**REQUIRED ACTION:** Output only the lines that run from the line holding "RHONE Men's Blue" to the end of the entries, both ends included, and skip the pictures.

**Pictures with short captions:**
┌──

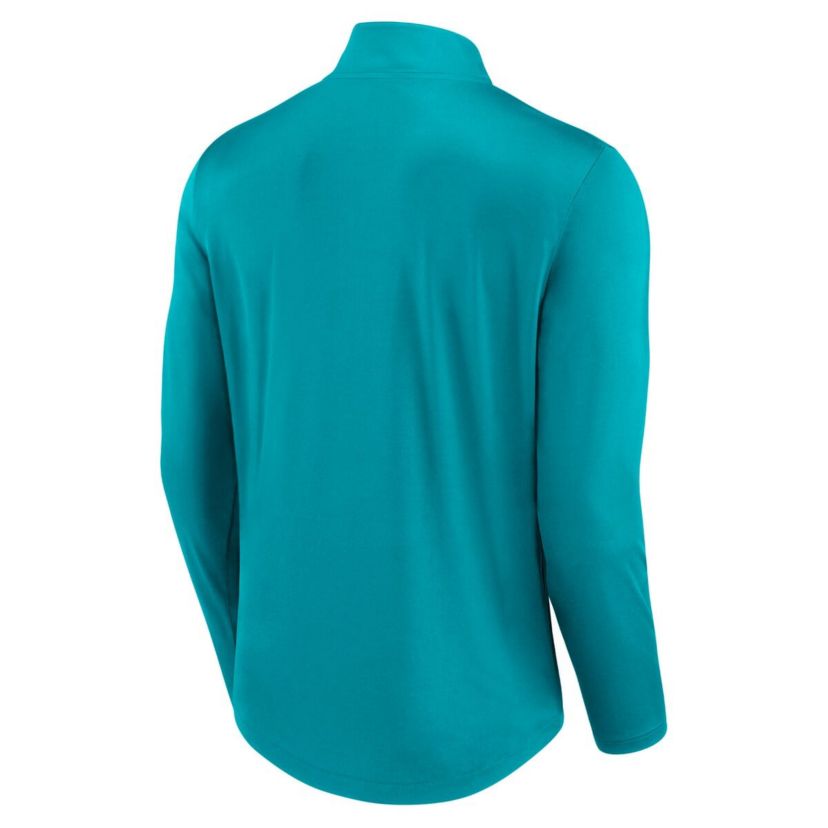 NBA Fanatics Charlotte Hornets Lightweight Quarter-Zip Pullover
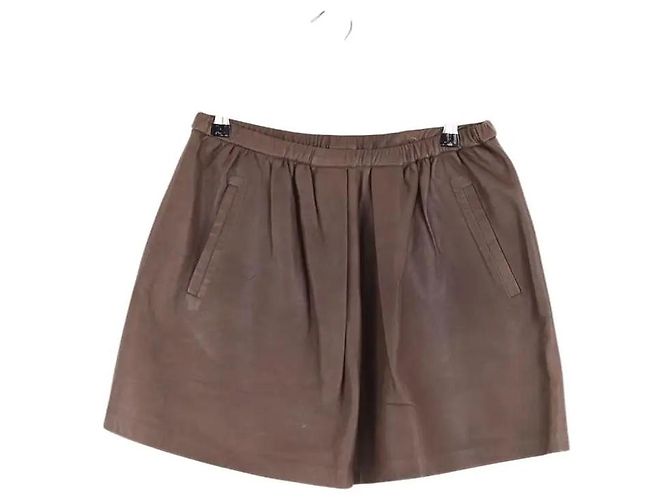 Isabel Marant Minigonna marrone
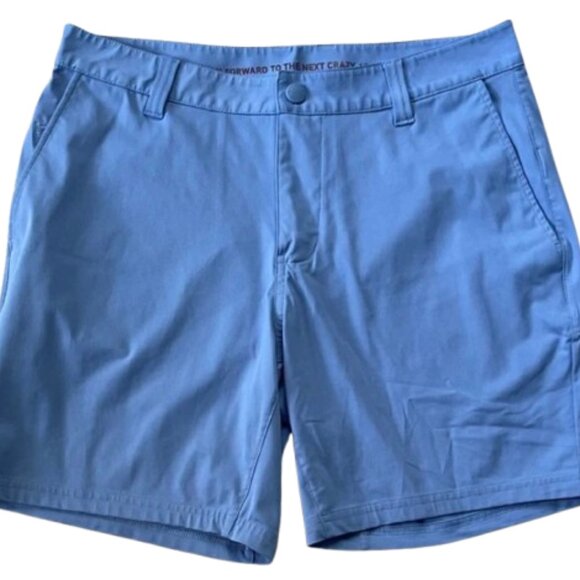 RHONE Men's Blue Commuter Short- 31” - Picture 1 of 15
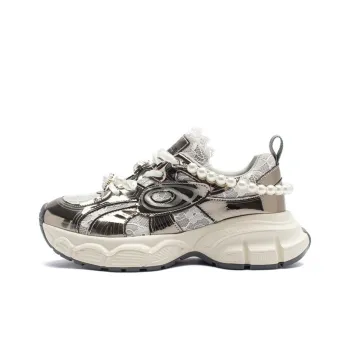 AGSDON Low Top Chunky Sneakers 4.5cm Women's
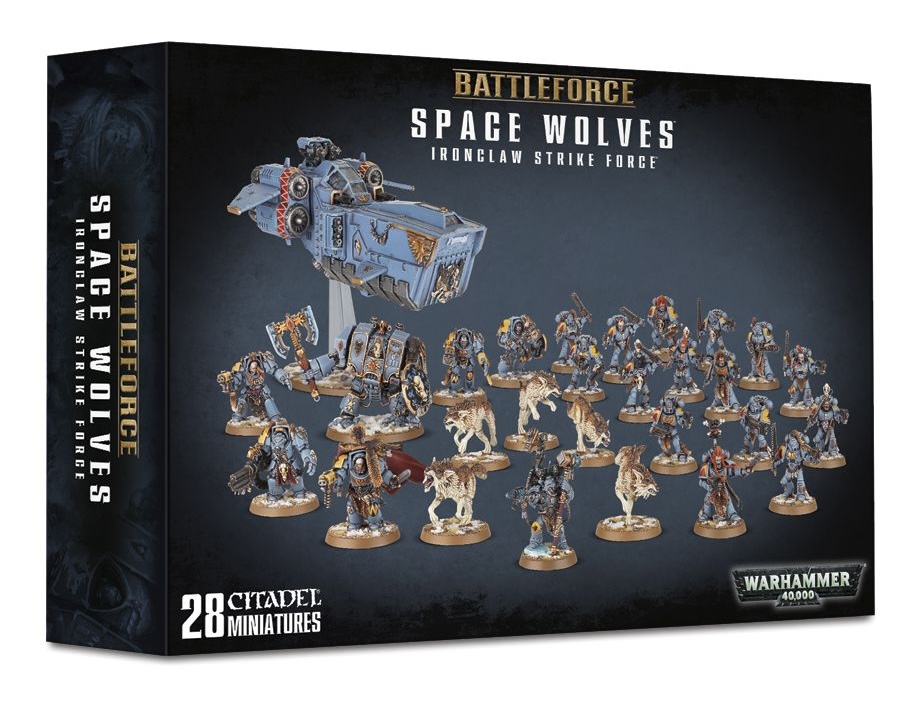 Ironclaw Strike Force Battleforce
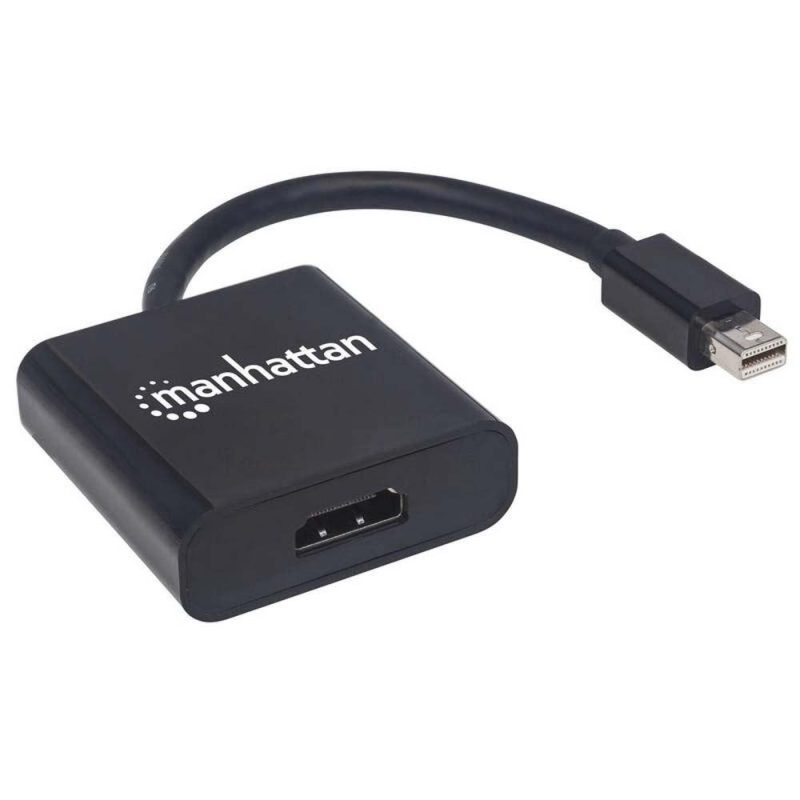 Audio and Video | 900197610 DisplayPort To HDMI Adapter Black Adaptors Adaptors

└──

**SOLUTION TO THE PROBLEM:**
 RHONE Men's Blue Commuter Short- 31” - Picture 1 of 15
 AGSDON Low Top Chunky Sneakers 4.5cm Women's
 Ironclaw Strike Force Battleforce
 Audio and Video | 900197610 DisplayPort To HDMI Adapter Black Adaptors Adaptors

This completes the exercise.